$170,000 Paid for 8 Leaves from Gutenberg Bible


Eight leaves from a Gutenberg Bible sold Tuesday for $170,000--about three times more than expected--in lively bidding on the second day of a four-day auction at St. John’s Seminary in Camarillo.

The pages, removed from a Gutenberg Bible that was broken up in the 1940s, contain the entire Letter to the Romans by the Apostle Paul. The presale estimate on the leaves was $50,000 to $75,000, said Chris Coover, a manuscript specialist with Christie’s, the auction house conducting the sales.

The winning bid was by New York rare book dealer H.P. Kraus, who beat out a private buyer from London and two dealers from San Francisco and Southern California.


“The bidding was spirited . . . you could even say heated,” Coover said.

In all, sales from the Estelle Doheny collection amounted to $1.06 million on Tuesday and a total of $2.76 million for the first two days, including the 10% auctioneer’s commission.

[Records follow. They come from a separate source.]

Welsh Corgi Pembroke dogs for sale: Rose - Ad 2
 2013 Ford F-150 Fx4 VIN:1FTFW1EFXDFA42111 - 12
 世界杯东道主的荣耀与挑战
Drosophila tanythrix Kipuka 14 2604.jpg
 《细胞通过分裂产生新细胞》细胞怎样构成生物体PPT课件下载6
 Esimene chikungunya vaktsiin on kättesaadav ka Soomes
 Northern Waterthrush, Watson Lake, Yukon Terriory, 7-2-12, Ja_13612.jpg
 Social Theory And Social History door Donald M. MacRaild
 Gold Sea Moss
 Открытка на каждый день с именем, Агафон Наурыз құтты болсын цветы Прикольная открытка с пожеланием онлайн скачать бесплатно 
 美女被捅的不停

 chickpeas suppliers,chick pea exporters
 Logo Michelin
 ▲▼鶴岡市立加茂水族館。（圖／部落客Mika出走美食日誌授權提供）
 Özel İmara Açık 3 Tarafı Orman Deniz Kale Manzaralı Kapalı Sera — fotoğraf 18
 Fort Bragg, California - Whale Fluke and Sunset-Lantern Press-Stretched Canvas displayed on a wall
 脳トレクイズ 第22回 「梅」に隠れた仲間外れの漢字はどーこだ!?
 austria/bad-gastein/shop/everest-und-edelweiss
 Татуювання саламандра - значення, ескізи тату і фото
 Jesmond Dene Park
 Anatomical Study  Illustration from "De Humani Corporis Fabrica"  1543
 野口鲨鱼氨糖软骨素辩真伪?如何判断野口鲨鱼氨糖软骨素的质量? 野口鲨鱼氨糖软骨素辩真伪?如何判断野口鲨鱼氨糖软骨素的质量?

Once housed at the Roman Catholic seminary, the collection is being auctioned by the Los Angeles Archdiocese to build an endowment fund for the education of future priests.

A complete Volume I of the Gutenberg Bible, printed in 1455, was sold for $5.3 million in the first Doheny auction last October in New York. The rare Gutenberg Bibles were divided into two volumes, the first extending from Genesis through Psalms.

Among other items sold Tuesday was a Bret Harte manuscript, “How I Went to the Mines,” for $18,000 to Heritage Book Shop in Los Angeles. Containing an autobiographical story that dealt with the writer’s early career in the California Gold Rush, the nine-page manuscript was written in 1897 and was published in a collection of Harte’s stories in 1900.